CHRONIQUE – Il y a longtemps que le débat public n’avait pas été autant occupé, sans mauvais jeu de mots, par les revendications manifestes d’un regroupement quelconque. En fait, mis à part celles des Wet’suwet’en, interrompues pour causes pandémiques, on doit potentiellement reculer au printemps 2012 afin de se rappeler semblable résonance médiatique.
Or, s’arrête ici le jeu, même approximatif, des comparaisons. Magistraux, les points de divergence interdisent, à vrai dire, toute analogie sérieuse.
Parce qu’il ne s’agit plus ici de manifestations, mais bien d’occupation illégale: paralyser une capitale nationale à grands coups de 18 roues, empêcher la circulation citoyenne et commerciale, klaxons, feux traditionnels et d’artifice, blocage d’un pont et d’un aéroport, chaîne d’enfants. Depuis bientôt… trois semaines.
Parce que ladite occupation s’est effectuée, ironiquement, tout en douceur, c’est-à-dire avec la gênante complicité de corps policiers, lesquels refusaient, encore dernièrement, de refiler quelconque contravention, s’affairant plutôt à poser avec les camionneurs au bénéfice des médias sociaux, danses TikTok en prime.
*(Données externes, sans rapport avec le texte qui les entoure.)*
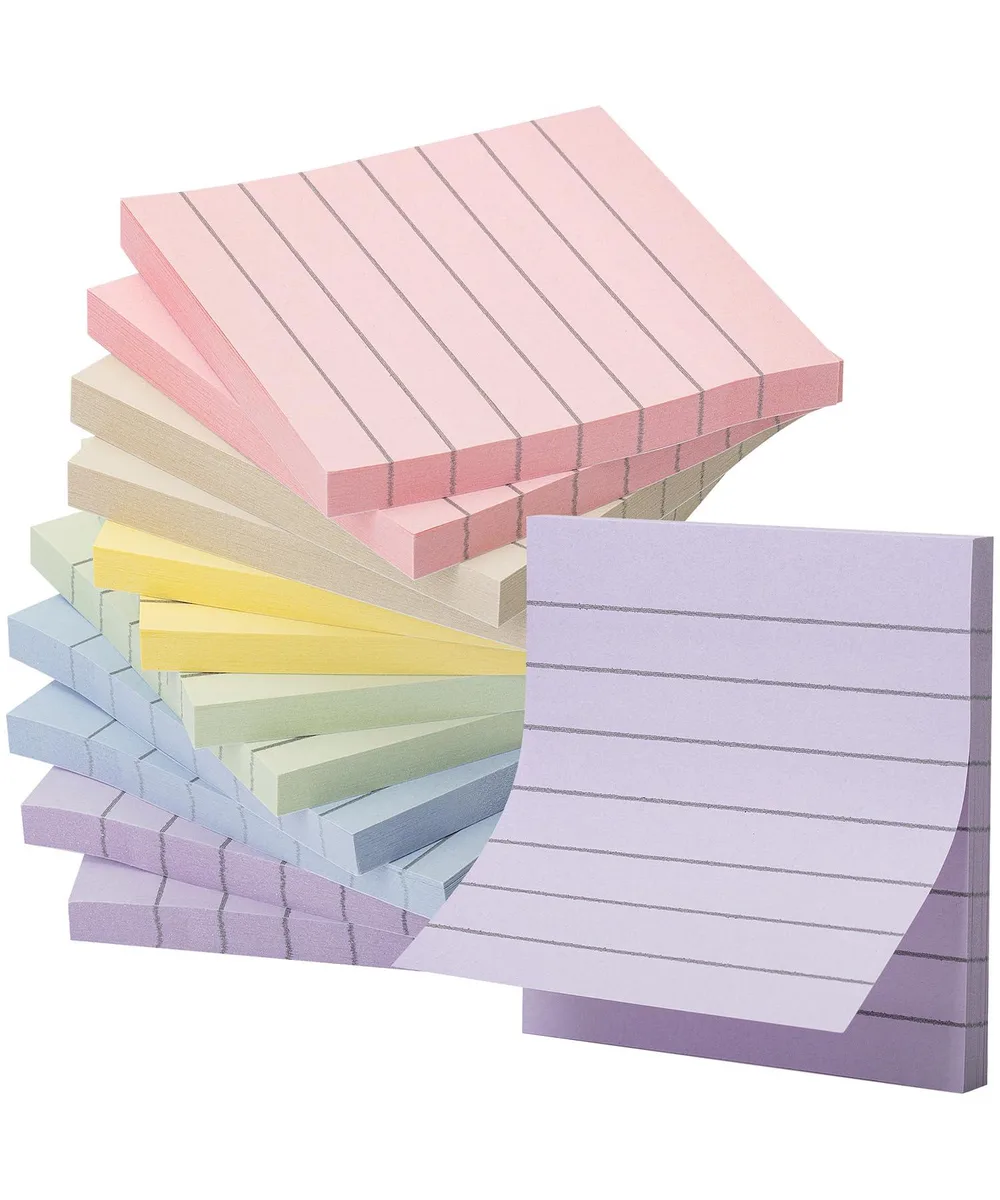 Twelve square pads of lined Morandi sticky notes in a rectangular pack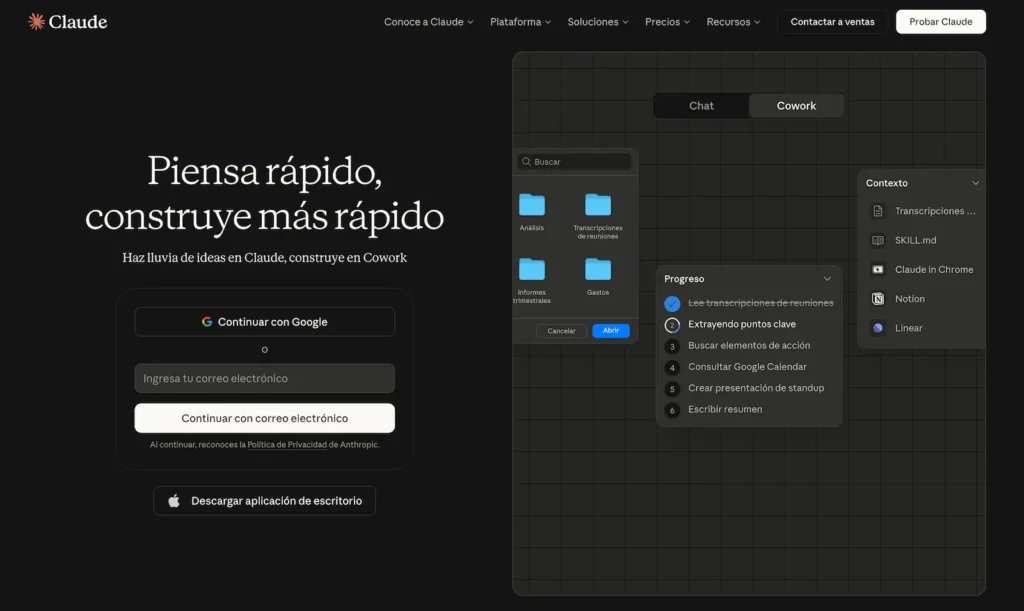 Panel de trabajo de Claude AI con herramientas de proyectos y edición de contenido dentro de la plataforma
Un hasard, le fait que plusieurs ex-agents de la GRC et militaires soient des organisateurs de l’opération?
Parce qu’au rang des coarchitectes s’ajoutent également quelques infréquentables stratosphériques. À la tête, entre autres, d’une extrême droite en ayant appelé publiquement à l’assassinat de Justin Trudeau lors de la dernière campagne électorale, et qui a remis le coup récemment: l’issue de la présente manœuvre devrait se régler, dixit l’un des organisateurs, «à coup de balles».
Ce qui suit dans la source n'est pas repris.